Saved entries:
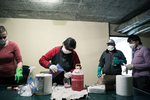 Residents of an apartment building in Kranj, Slovenia, prepare disinfectant solutions and materials during mandatory daily building disinfection on April 2, 2020.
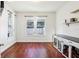 Bright room with hardwood floors, large windows, white curtains and a modern dog kennel at 583 Treehouse St, Winter Springs, FL 32708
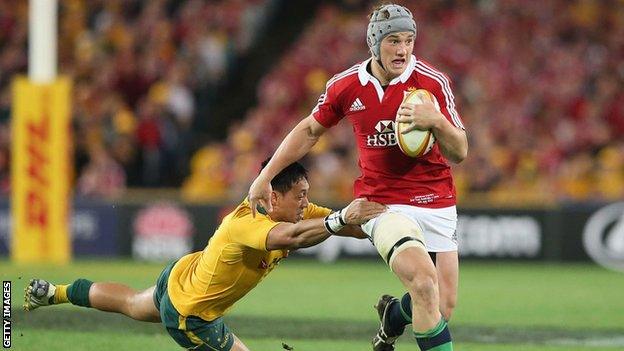 Jonathan Davies beats an Australian defender during the Lions' 41-16 win over the Wallabies in Sydney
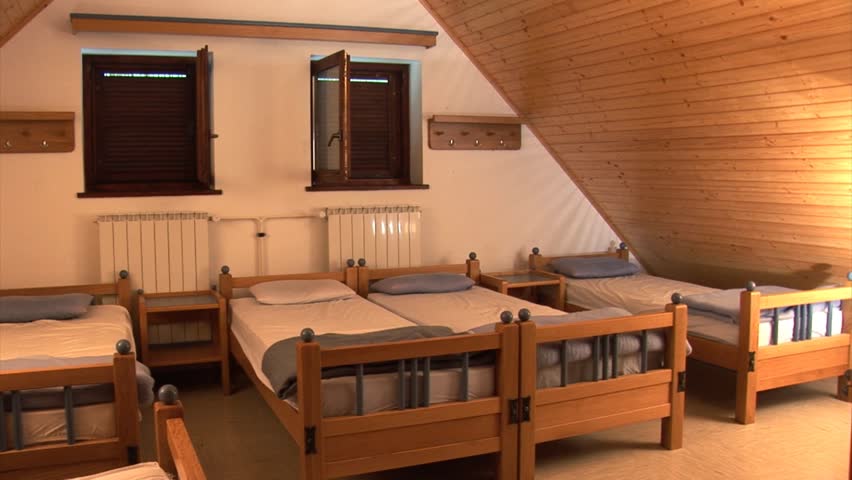 Teenagers enter their shared bedroom with their luggage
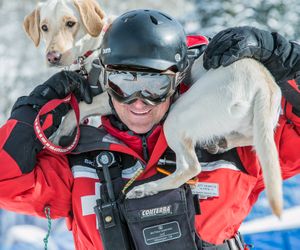 Jeff Thompson, executive director of the Idaho Panhandle Avalanche Center, with his avalanche rescue dog, Annie. (U.S. Forest Service)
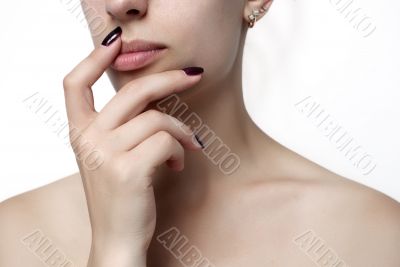female hand, shoulder and lips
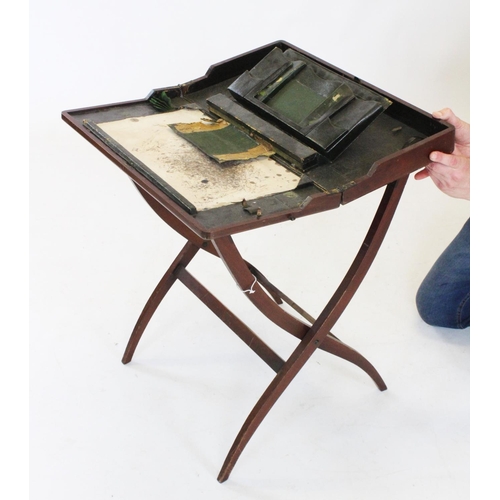 751 - A 19th century mahogany campaign folding writing table, with an enclosed leather stationery interior... 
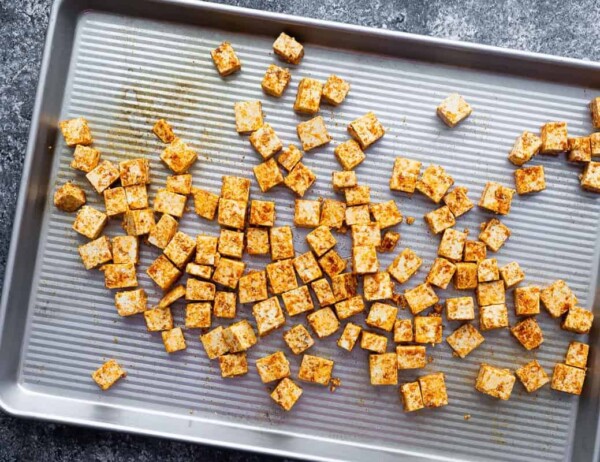 tofu cubes tossed in seasoning and spread out on baking sheet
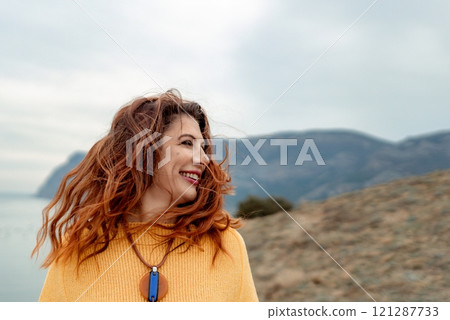 Portrait windswept hair happy woman against a backdrop of mountains and sea. Daylight illuminates the tranquil outdoor setting 121287733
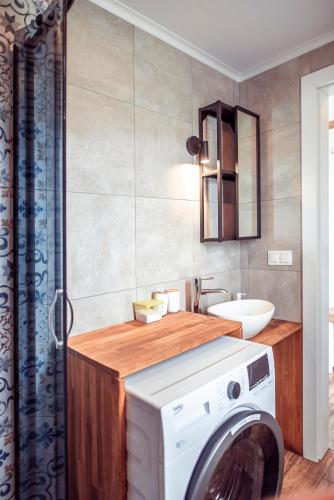 a bathroom with a washing machine and a sink at Zimna Apartments in Kwidzyn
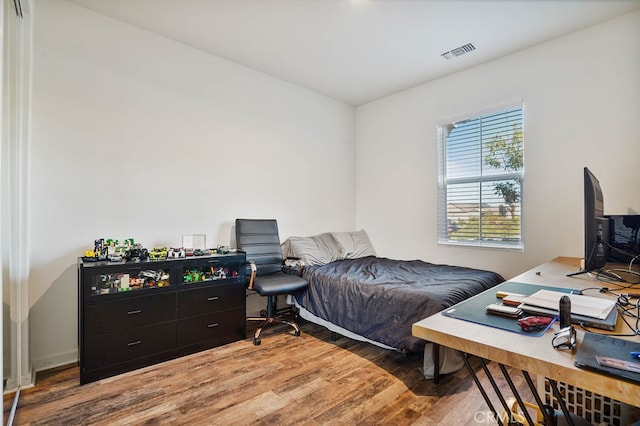 bedroom with hardwood / wood-style flooring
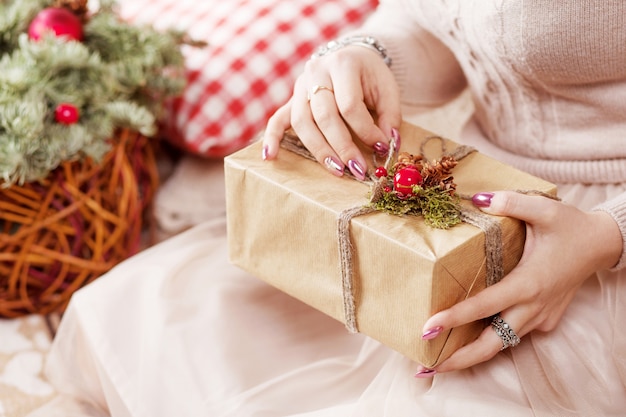 LWoman's  hands holding gift box. Christmas, new year . 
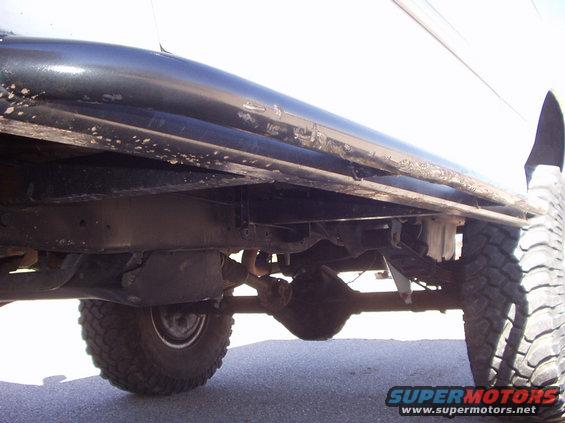 Side view of truck undercarriage, showing frame, suspension, and tires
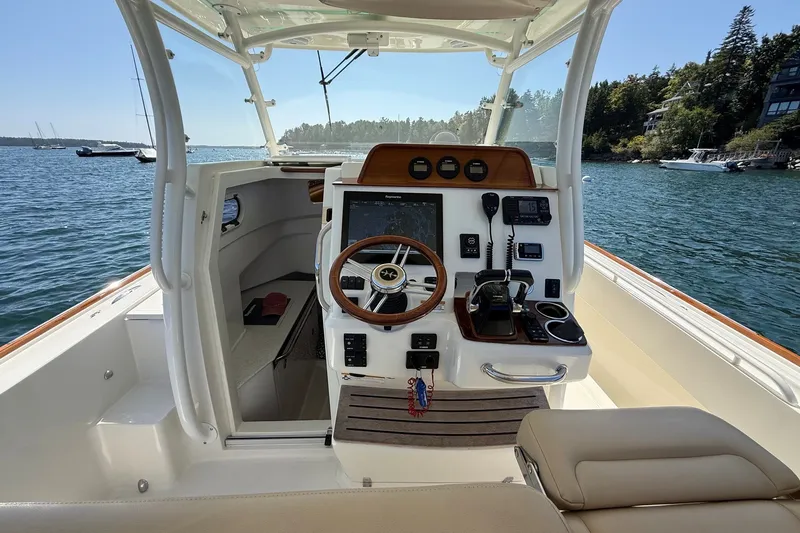 Slide: The Image of Helm of 2018 Hunt 32cc boat with steering wheel, controls, and navigation equipment. - 8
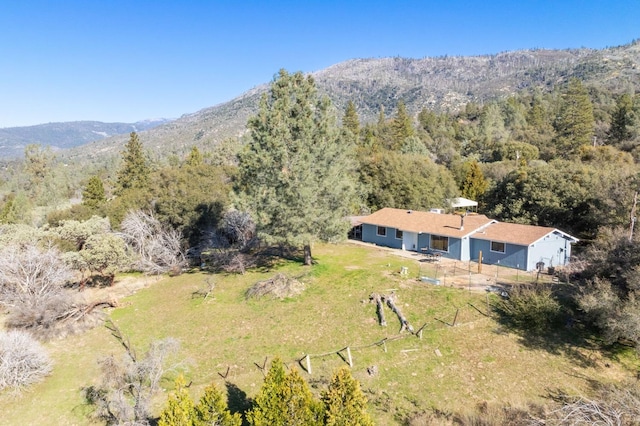 bird's eye view with a mountain view and a wooded view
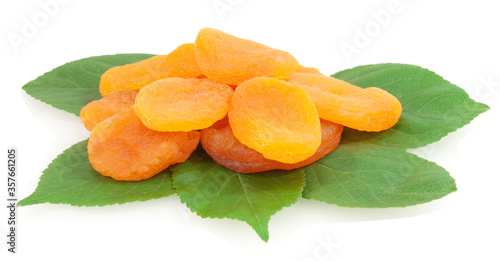 dried apricots on green leaves isolated on white background photo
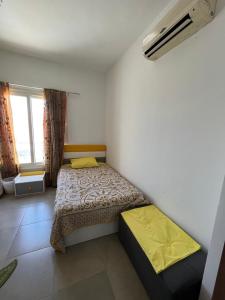 a small bedroom with a bed and a window at amwaj in Dawwār Ruḩayyim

What you will do:
Only the lines from the one containing "bird's eye view" through the end of the records are wanted, set down exactly and without their pictures.

Response box:
 bird's eye view with a mountain view and a wooded view
 dried apricots on green leaves isolated on white background photo
 a small bedroom with a bed and a window at amwaj in Dawwār Ruḩayyim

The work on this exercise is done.